Cognitive Visual-Language Mapper: Advancing Multimodal Comprehension with Enhanced Visual Knowledge Alignment

TL;DR

A Cognitive Visual-Language Mapper (CVLM), which contains a pretrained Visual Knowledge Aligner (VKA) and a Fine-grained Knowledge Adapter (FKA) used in the multimodal instruction tuning stage, which significantly improves the performance of LMMs on knowledge-based VQA.

Abstract

Evaluating and Rethinking the current landscape of Large Multimodal Models (LMMs), we observe that widely-used visual-language projection approaches (e.g., Q-former or MLP) focus on the alignment of image-text descriptions yet ignore the visual knowledge-dimension alignment, i.e., connecting visuals to their relevant knowledge. Visual knowledge plays a significant role in analyzing, inferring, and interpreting information from visuals, helping improve the accuracy of answers to knowledge-based visual questions. In this paper, we mainly explore improving LMMs with visual-language knowledge alignment, especially aimed at challenging knowledge-based visual question answering (VQA).
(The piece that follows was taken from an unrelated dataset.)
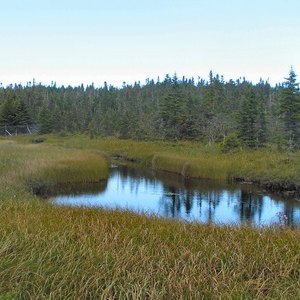 The Farmable Wetlands Program provides financial incentive to restore recovered wetlands.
To this end, we present a Cognitive Visual-Language Mapper (CVLM), which contains a pretrained Visual Knowledge Aligner (VKA) and a Fine-grained Knowledge Adapter (FKA) used in the multimodal instruction tuning stage. Specifically, we design the VKA based on the interaction between a small language model and a visual encoder, training it on collected image-knowledge pairs to achieve visual knowledge acquisition and projection. FKA is employed to distill the fine-grained visual knowledge of an image and inject it into Large Language Models (LLMs). We conduct extensive experiments on knowledge-based VQA benchmarks and experimental results show that CVLM significantly improves the performance of LMMs on knowledge-based VQA (average gain by 5.0%). Ablation studies also verify the effectiveness of VKA and FKA, respectively. The codes are available at https://github.com/HITsz-TMG/Cognitive-Visual-Language-Mapper

Figures (4)

• Figure 1: It illustrates the performance of LMMs on visual information-seeking questions. The bottom part shows the widely-used architecture of open-source LMMs, where the visual mapping network is usually pretrained on massive image-text captioning data. All LMMs including GPT-4V (Date: 2023.11.17) and Gemini-Pro make incorrect decisions.
• Figure 2: An overview of Cognitive Visual Knowledge Mapper. From top to bottom, it shows 1) Pretraining visual knowledge aligner, where we use a pretrained small language model to interact with image features via the cross attention module; 2) Training visual knowledge aligner with LLM, in which we realize visual knowledge alignment between vision encoder and LLM via the learnable query tokens and linear layer; 3) Overall architecture of CVLM, where we present the fine-grained visual knowledge adapter beyond common visual projection (MLP) and VKA.
• Figure 3: The detailed calculation process of fine-grained visual knowledge adapter, i.e., VKA shown in Figure \ref{['fig:model']}. "Visual + Knowledge" indicates the representation concatenation of an image $\mathbf{h}_{\text{IO}}$ and its relevant knowledge projection $\mathbf{h}_{\text{KO}}$.
• Figure 4: Three cases illustrate the comparative performances of CVLM and other models. Red words represent the correct answer and the purple words show the inaccurate response.